> [Dataset extract]:
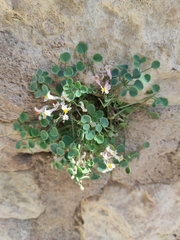 Sarcocapnos enneaphylla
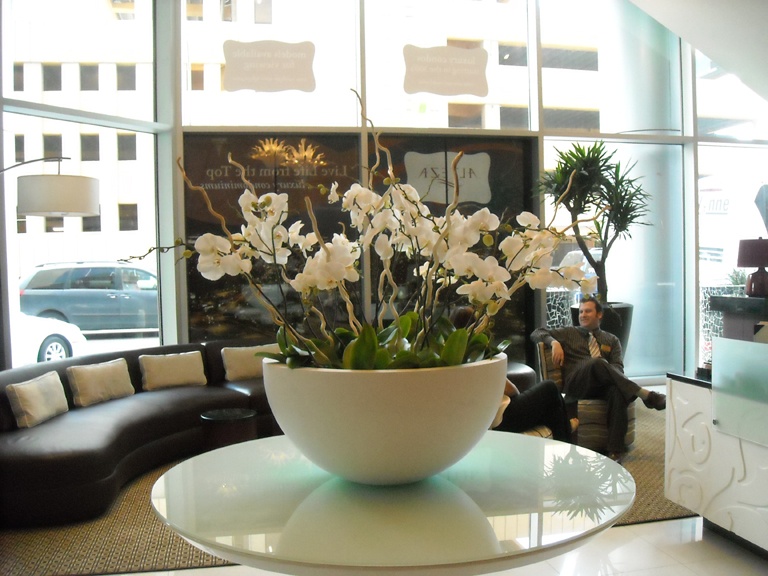 Workhorses and Zebras: Office Plant Design Made Simple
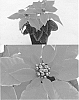 Euphorbia%20pulcherrima%20Willd.%20ex%20Klotzsch%20x%20Euphorbia%20cornastra%20%27Bonpridepcom%27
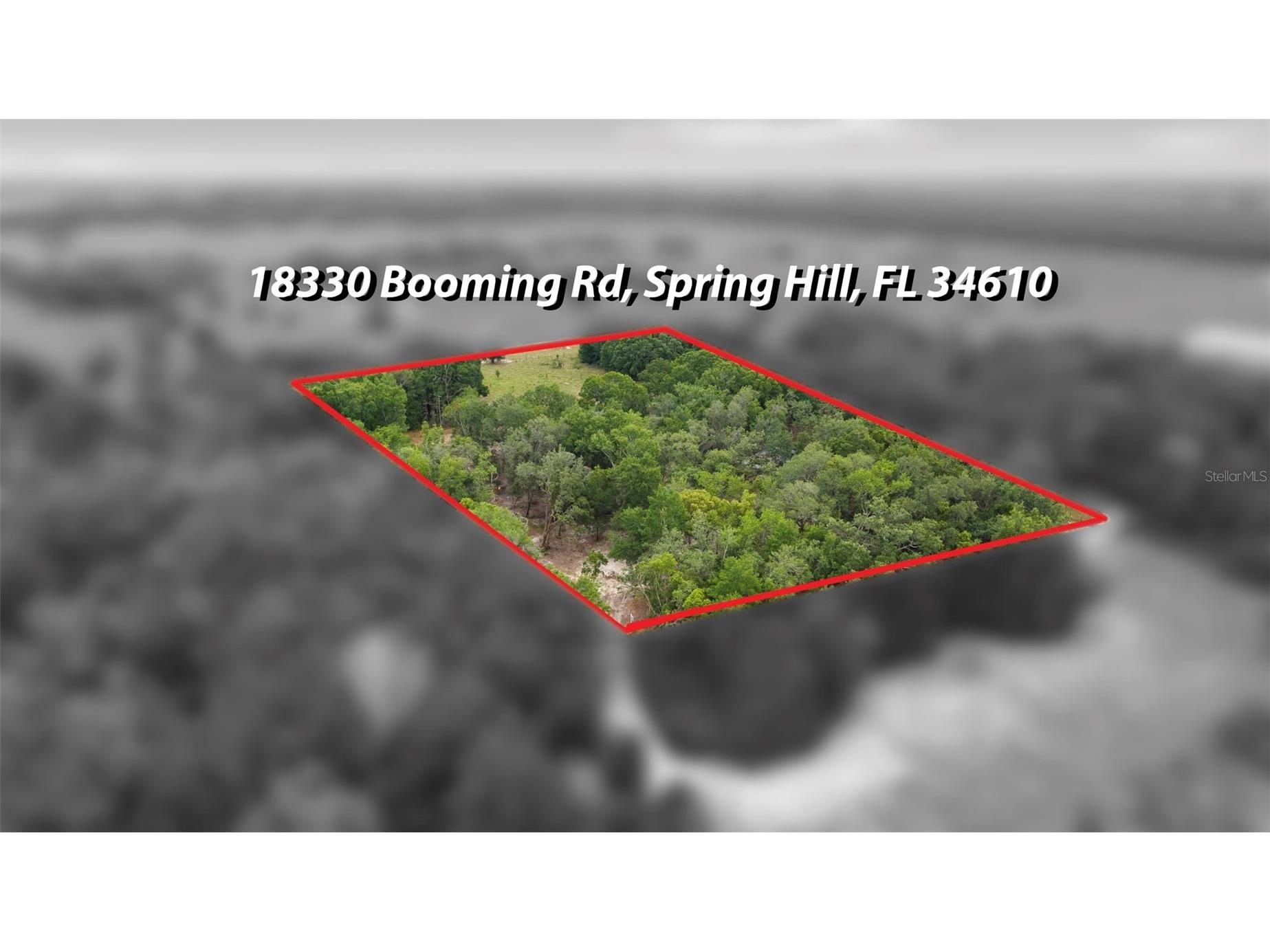 18330 Booming Road Spring Hill FL 34610 TB8508959 image43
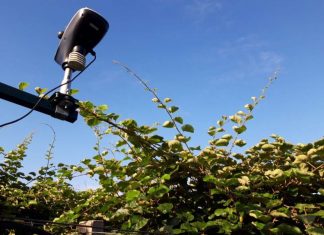 Ευφυής Γεωργία : Για ένα σύγχρονο και βιώσιμο παραγωγικό μοντέλο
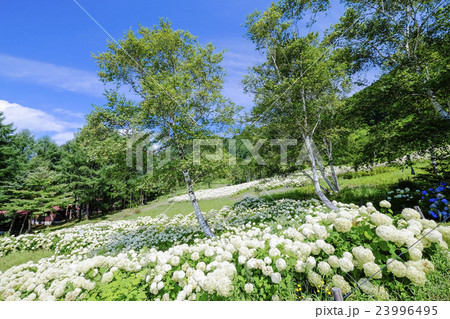 アナベルと白樺 23996495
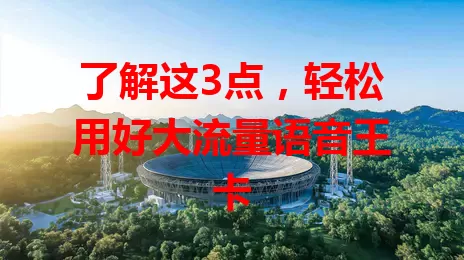 了解这3点，轻松用好大流量语音王卡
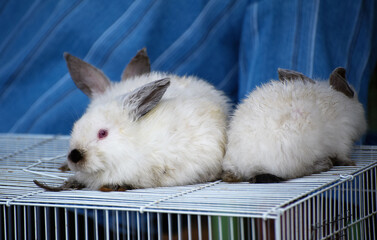 Obraz premium White baby rabbits with black nose and ears on the cage
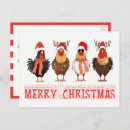 Zoek naar kip briefkaarten Land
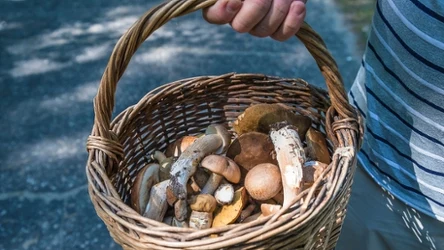 Gdzie na grzyby w okolicach Krakowa? Z tych miejsc wrócisz z pełnym koszykiem.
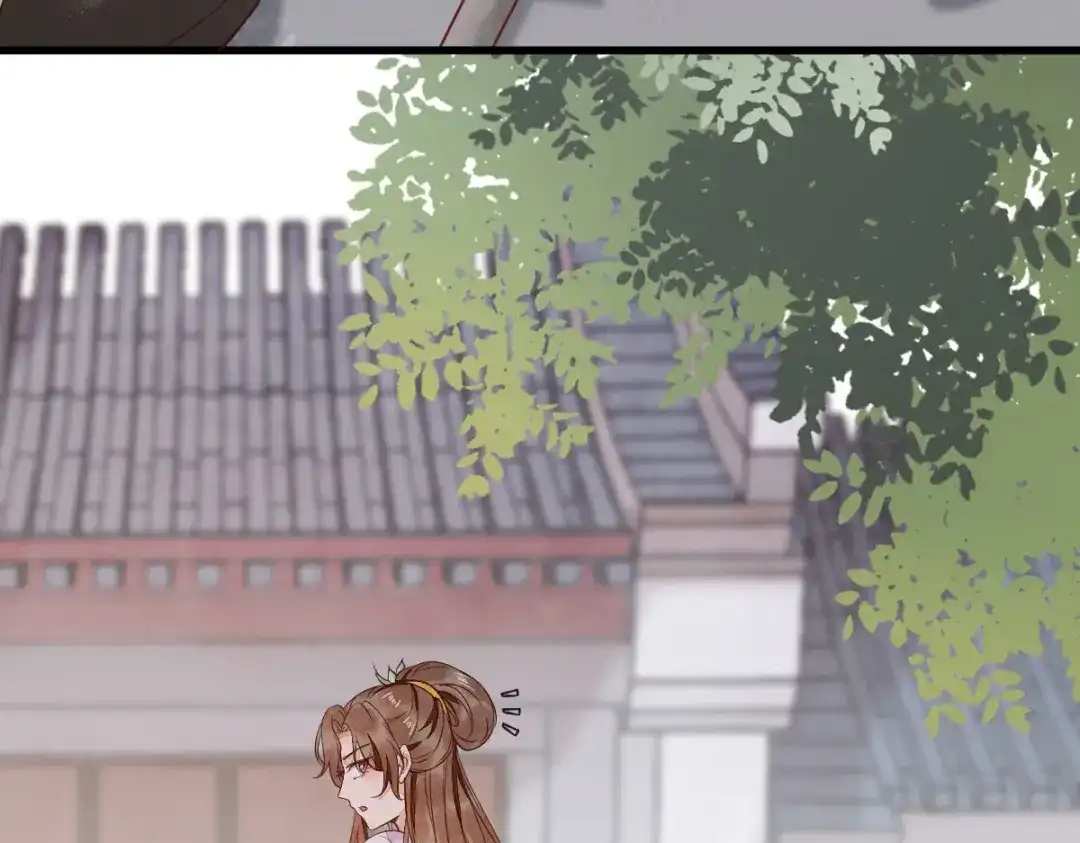 《杀手王妃不好惹》06-原主出现 第110页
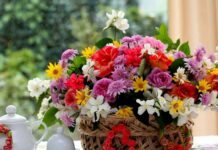 СВЕТСКА КЛЮКА: 18-22 ЯНУАРИ /ВИДЕОПОЗДРАВ/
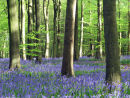 Bluebells and Beech Trees in April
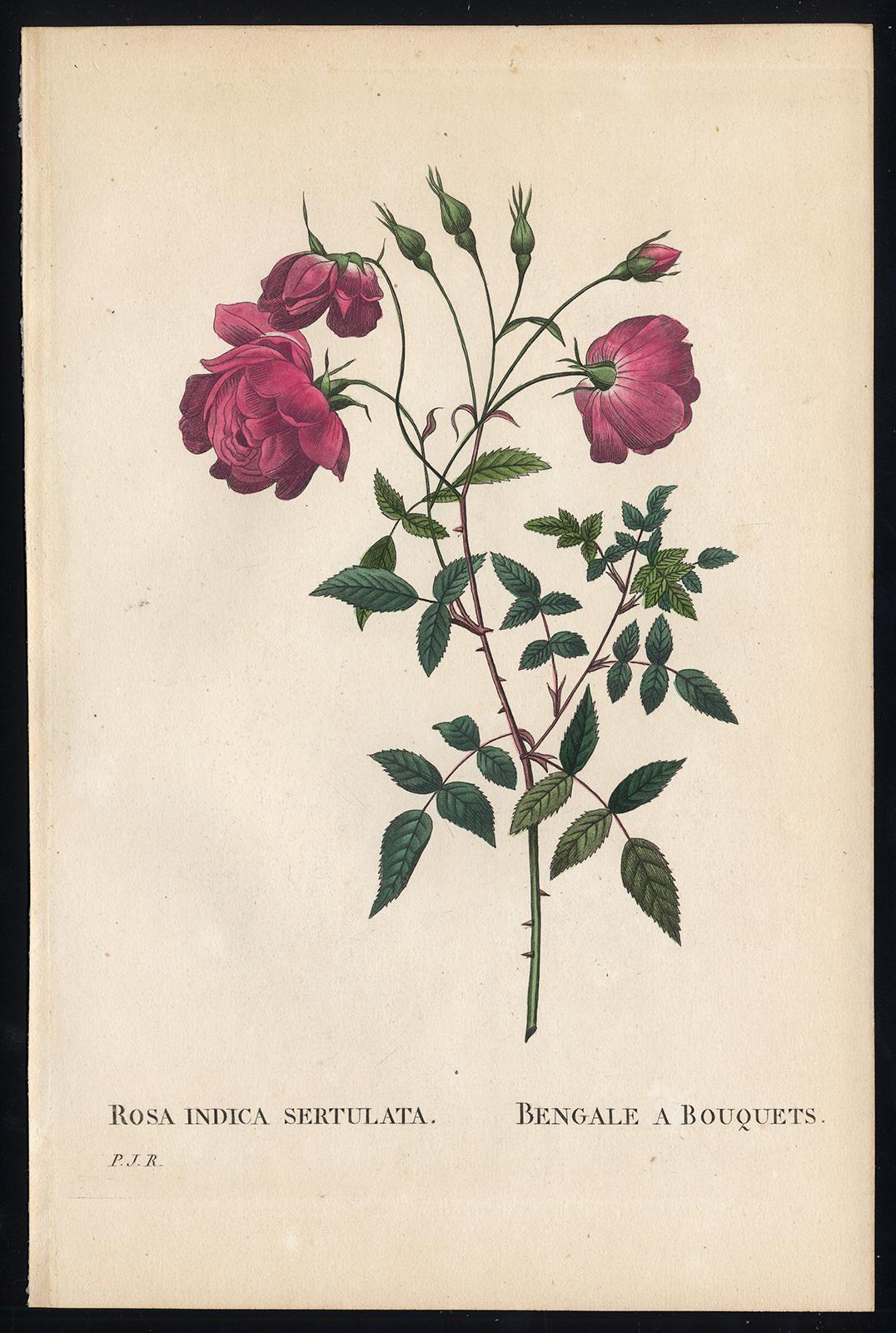 Pierre-Joseph Redouté Print - China Rose by Redoute - Les Roses - Handcoloured engraving - 19th century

> [Task]:
Would you output only the span of the records above that opens with the line containing "Ευφυής Γεωργία : Για" and closes with the line containing "Gdzie na grzyby", ends included and pictures dropped?

> [Response box]:
 Ευφυής Γεωργία : Για ένα σύγχρονο και βιώσιμο παραγωγικό μοντέλο
 アナベルと白樺 23996495
 了解这3点，轻松用好大流量语音王卡
 Obraz premium White baby rabbits with black nose and ears on the cage
 Zoek naar kip briefkaarten Land
 Gdzie na grzyby w okolicach Krakowa? Z tych miejsc wrócisz z pełnym koszykiem.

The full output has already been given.